Throughout the COVID-19 pandemic, Finborough Theatre – a small fringe theatre situated above a pub in Earl’s Court, London – has opened up a selection of videos of their previous productions to the public for free. Fortunately for our rrramble writers, this fabulous online resource contains Continuity – Irish playwright Gerry Moynihan’s debut – which follows Padraig, an Irish ‘freedom fighter’, as his commitment to the cause is challenged…

A bearded white man with dark, slicked back hair lays on a paint-splattered floor, resting on one arm nonchalantly. In the background, we can see bits of rubble and dirt, and a paint-covered sheet draped over furniture.
Padraig chillin’ – Credit: Gary Wolf

Charlie

It’s been so long since I’ve seen a play, let alone one as good as Continuity. As I watched the show, I felt a weight lift off of my shoulders. ‘Here we are,’ I thought, ‘this is how things should be.’ I had forgotten how the minimal set and costume can come to life when utilised well by writers, directors, and performers who really know what they’re doing. It felt like returning home. 

So, this is a biased review on that front. But despite the existential glory it bestowed upon me, I think Continuity was a pretty dang good play. It’s about Padraig Devlin, a man who is torn between the old republican cause and a new love who his fellow IRA members do not approve of.
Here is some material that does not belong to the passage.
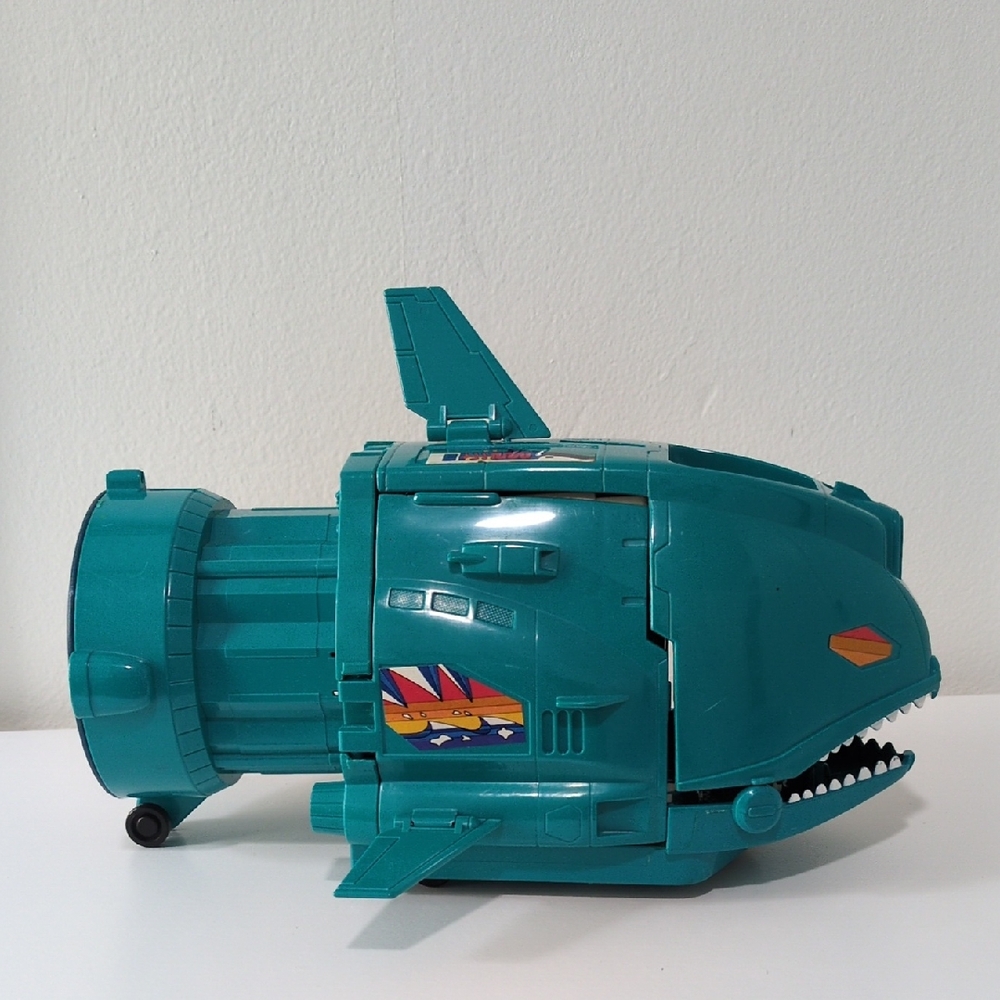 Vintage Battle Beast Shocking Shark Transport Station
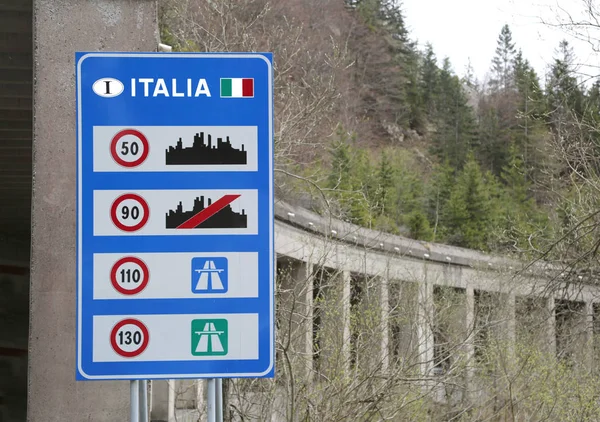 Indications of the speed limits to be observed on the Italian ro — Stock Photo, Image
A one man show lives and dies on the strengths of its main performer. Paul Kennedy as Padraig Devlin is, frankly, astonishing in the role. Above everything else I love the physicality that he bestows to Padraig and the other characters throughout. I love how the character of Joe is always depicted crushing a cigarette between his fingers. It’s such a small detail which instantly conjures an image in the mind of a man who is hard in all aspects of his life. Kennedy knows his body well and how to soften or harden as and when the situation demands. He flits from character to character seamlessly and with an ease that makes what he’s doing look easy. There’s a dancer-like quality to his performance. Striking distinctive poses, natural and statuesque at the same time. We’re introduced to Padraig in a pub where he is loud and charismatic. It’s so easy to be pulled into his world. You give yourself over to this man. And by the time he’s singing a song whilst keeping an eye open for his crush in the corner, you fall in love with him.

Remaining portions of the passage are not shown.